When you’re in that situation every person you see becomes your personal enemy. Every minor obstacle (like a red light on your way home) stretches beyond normality. Every second counts as ten, or twenty or one hundred. You’re under pressure. Under physical pressure.

And if you happen to look at yourself during those moments you won’t recognize yourself. Breathing hastily, eyes popping out, trembling and perhaps all red. It’s a mere shadow of yourself.

We’ve all been there. That’s human design. When we have to pee, we have to pee. It’s how we’re built.

Now, switch over from that image and try to picture something else. A conversation. An encounter at the job with a colleague.
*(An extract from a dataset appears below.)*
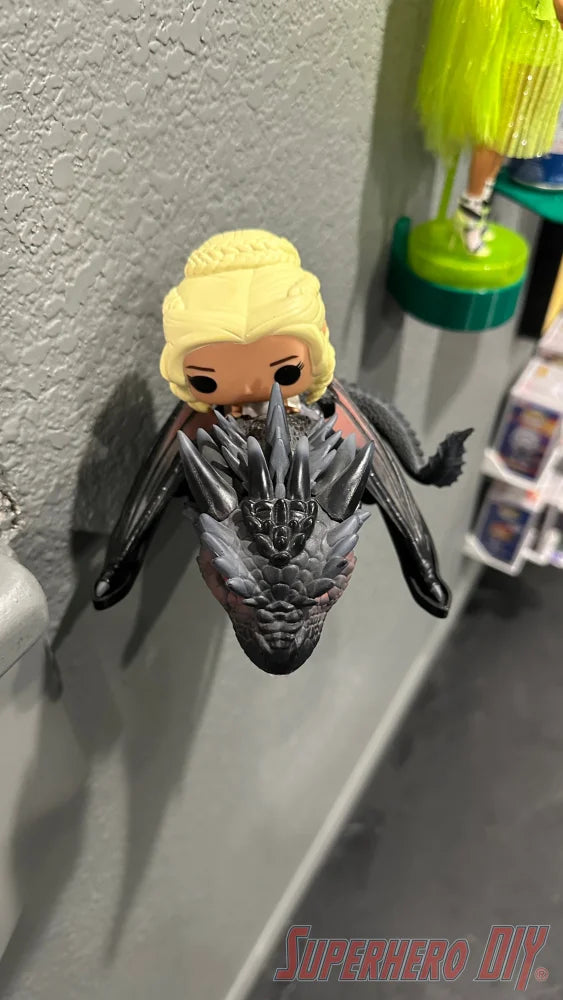 Black wall mount shaped like a dragon head holding a blonde Funko Pop figure with black wings. - SuperheroDIY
Everything going smooth, words coming out from both sides freely, a feeling of flow. Then, at some point, something happens. You said something and you’re colleague is literally exploding. He starts yelling at you, protecting his ideas fiercely, without even giving you a chance to respond.

What do you usually do when this happens? The topic is not relevant here, only the reaction (it may be sports, politics, company policy or whatever).
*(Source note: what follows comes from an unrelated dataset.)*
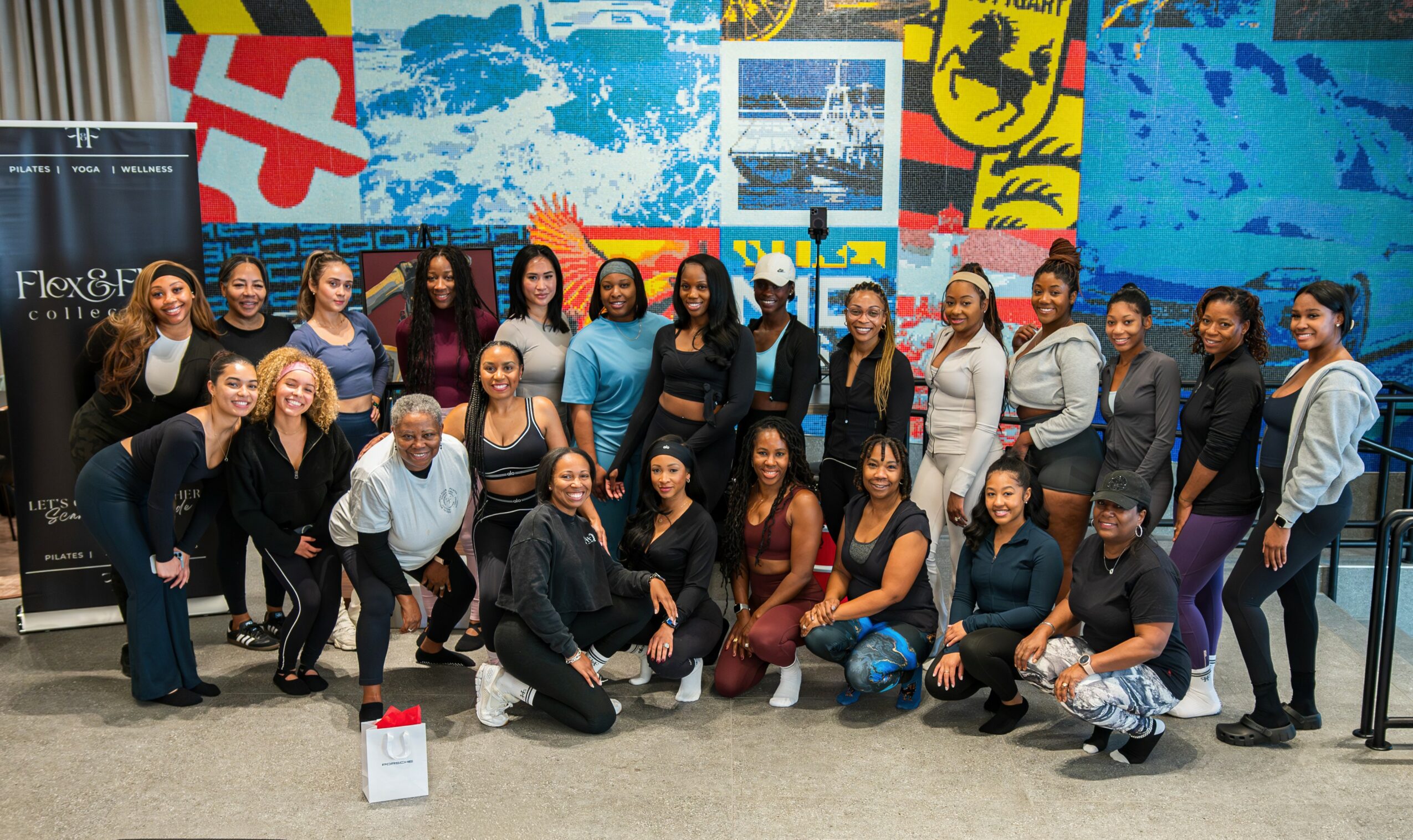 Group of diverse people posing indoors in front of colorful wall art, some kneeling and others standing, smiling.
Do you feel threatened? Do you start yelling back, trying to protect yourself? Do you leave the room and avoid that colleague for a week?

Each one of these approaches is a reaction based on misunderstanding. Or, if you prefer the simple words: ignorance. We literally have no idea what’s happening inside the other person.
Because, if we would know, our reaction would be very, very different.
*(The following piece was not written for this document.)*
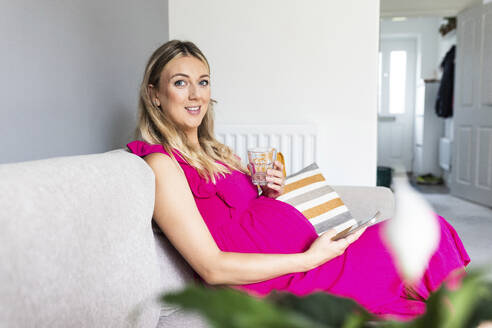 Glückliche schwangere Frau sitzt mit Smartphone und einem Glas Wasser auf dem Sofa - WPEF07843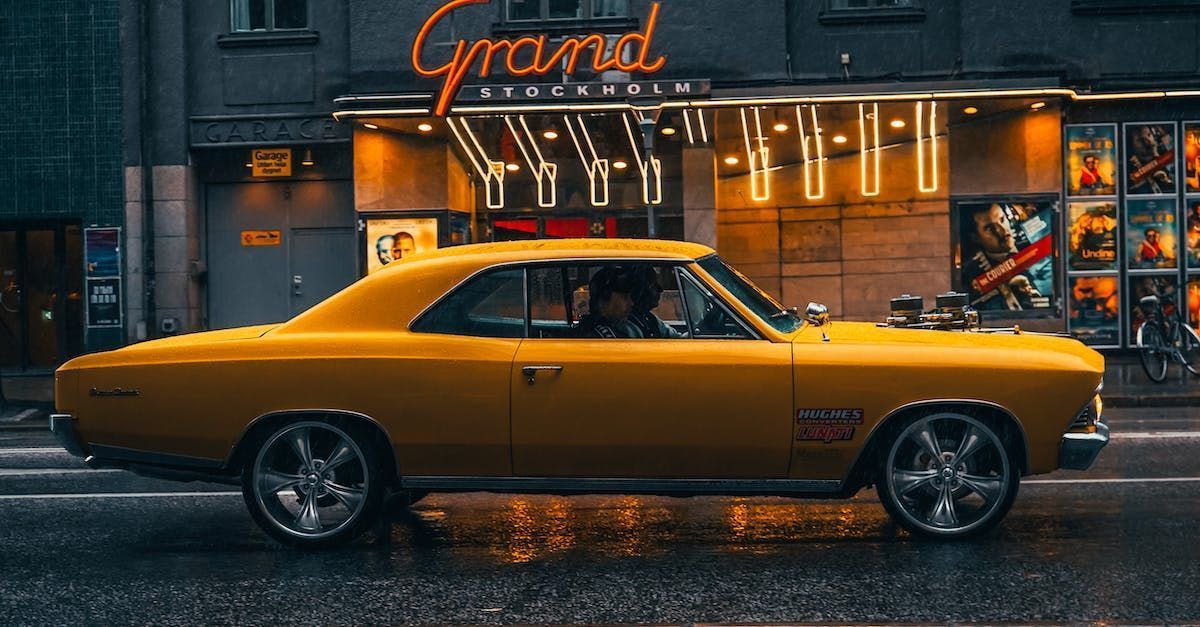 Yellow classic car driving past a theater with neon signs, wet street.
Being Hurt From The Inside

Every time somebody is having an uncontrolled reaction, when a sense of urgency is blended deeply into their actions, when they behave like everybody is their enemy and time is of ultimate essence, well, every time you see those symptoms, you’re dealing with a “I have to pee” situation. The person in front of you has a very deep urge to unload some pressure. It may be that you said something that activated that release, or it may be that you were just there at the “wrong” time. Fact is, you’re dealing with an inflated bladder.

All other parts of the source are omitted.